A key learning has been that choosing one level of abstraction for your application is not an irreversible architectural decision. In the same application, you can mix different APIs, depending on the level of control you need at that specific step.

Scaling horizontally

To process billions of raw events and grow with the business, the ability to scale was an essential requirement for PostNL. Apache Flink is designed to scale horizontally, distributing processing and application state across multiple processing nodes, with the ability to scale out further when the workload grows.

For this particular use case, PostNL had to aggregate the sheer volume of raw events with similar characteristics and over time, to reduce their cardinality and make the data flow manageable for the other systems downstream. These aggregations go beyond simple transformations that handle one event at a time. They require a framework capable of stateful stream processing. This is exactly the type of use case Apache Flink was designed for.

Advanced event time semantics

Apache Flink emphasizes event time processing, which enables accurate and consistent handling of data with respect to the time it occurred. By providing built-in support for event time semantics, Flink can handle out-of-order events and late data gracefully. This capability was fundamental for PostNL. As mentioned, IoT generated events may arrive late and out of order. However, the aggregation logic must be based on the moment the measurement was actually taken by the device—the event time—and not when it’s processed.

Resiliency and guarantees

PostNL had to make sure no data sent from the device is lost, even in case of failure or restart of the application. Apache Flink offers strong fault tolerance guarantees through its distributed snapshot-based checkpointing mechanism. In the event of failures, Flink can recover the state of the computations and achieve exactly-once semantics of the result. For example, each event from a device is never missed nor counted twice, even in the event of an application failure.

The journey of choosing the right Apache Flink API

A key requirement of the migration was reproducing exactly the behavior of the legacy aggregation application, as expected by the downstream systems that can’t be modified. This introduced several additional challenges, in particular around windowing semantics and late event handling.

As we have seen, in IoT, events may be out of order by several minutes. Apache Flink offers two high-level concepts for implementing event time semantics with out-of-order events: watermarks and allowed lateness.

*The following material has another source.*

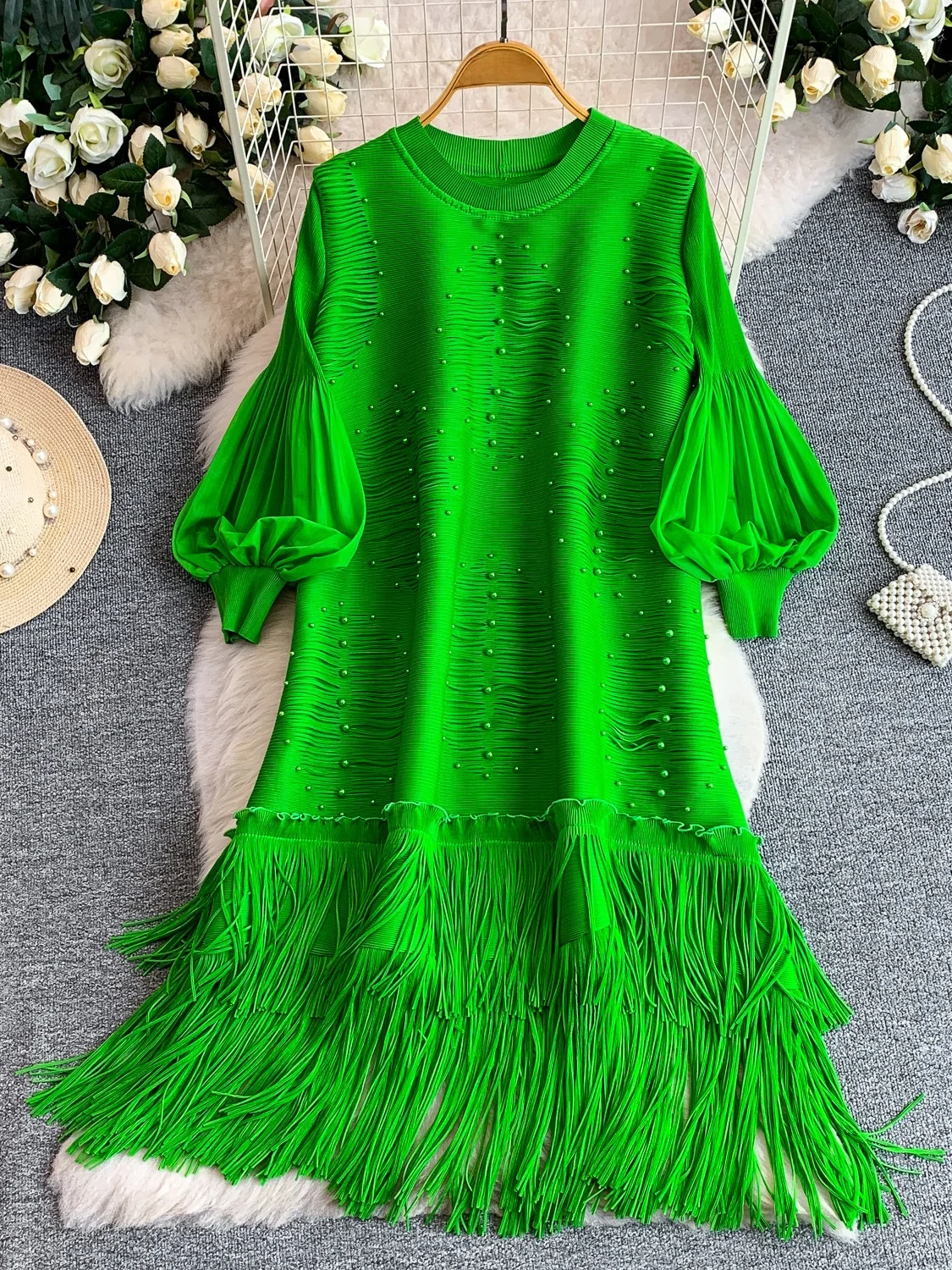 

Elegant round Neck Lantern Sleeve Long Dress Women's Summer Fashion Tassel Trim Heavy Embroidery A-Line Dress City Commute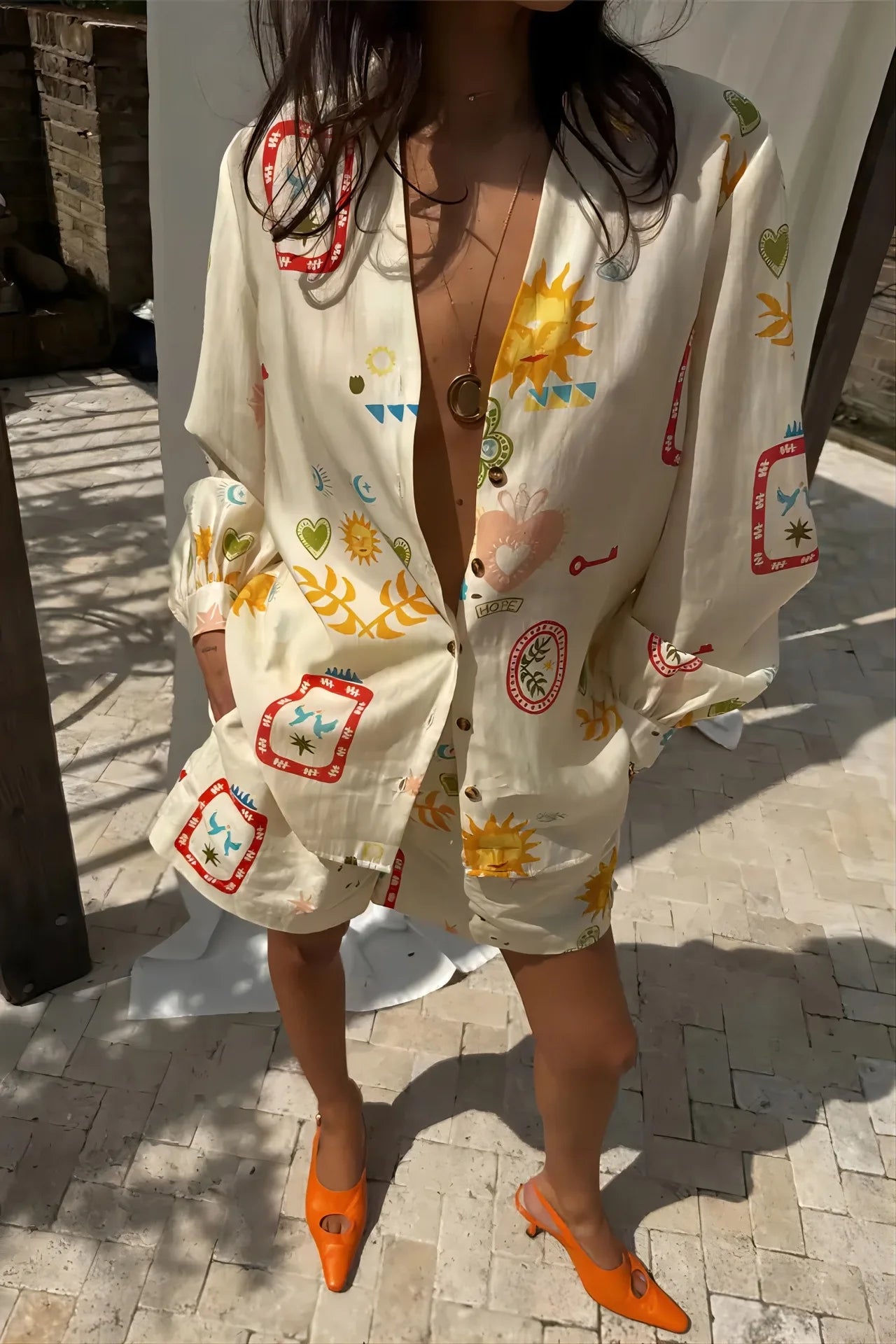 Floral Lapel Long Sleeve Two Piece Set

Apache Flink provides a range of flexible APIs with different levels of abstraction. After some initial research, Flink-SQL and the Table API were discarded. These higher levels of abstraction provide advanced windowing and event time semantics, but couldn’t provide the fine-grained control PostNL needed to reproduce exactly the behavior of the legacy application.

The lower level of abstraction of the DataStream API also offers windowing aggregation capabilities, and allows you to customize the behaviors with custom triggers, evictors, and handling late events by setting an allowed lateness.

Unfortunately, the legacy application was designed to handle late events in a peculiar way. The result was a hybrid event time and processing time logic that couldn’t be easily reproduced using high-level Apache Flink primitives.

Fortunately, Apache Flink offers a further lower level of abstraction, the ProcessFunction API. With this API, you have the finest-grained control on application state, and you can use timers to implement virtually any custom time-based logic.

PostNL decided to go in this direction. The aggregation was implemented using a KeyedProcessFunction that provides a way to perform arbitrary stateful processing on keyed streams—logically partitioned streams. Raw events from each IoT device are aggregated based on their event time (the timestamp written on the event by the source device) and the results of each window is emitted based on processing time (the current system time).

This fine-grained control finally allowed PostNL to reproduce exactly the behavior expected by the downstream applications.

The journey to production readiness

Let’s explore the journey of migrating to Managed Service for Apache Flink, from the start of the project to the rollout to production.

Identifying requirements

The first step of the migration process focused on thoroughly understanding the existing system’s architecture and performance metrics. The goal was to provide a seamless transition to Managed Service for Apache Flink with minimal disruption to ongoing operations.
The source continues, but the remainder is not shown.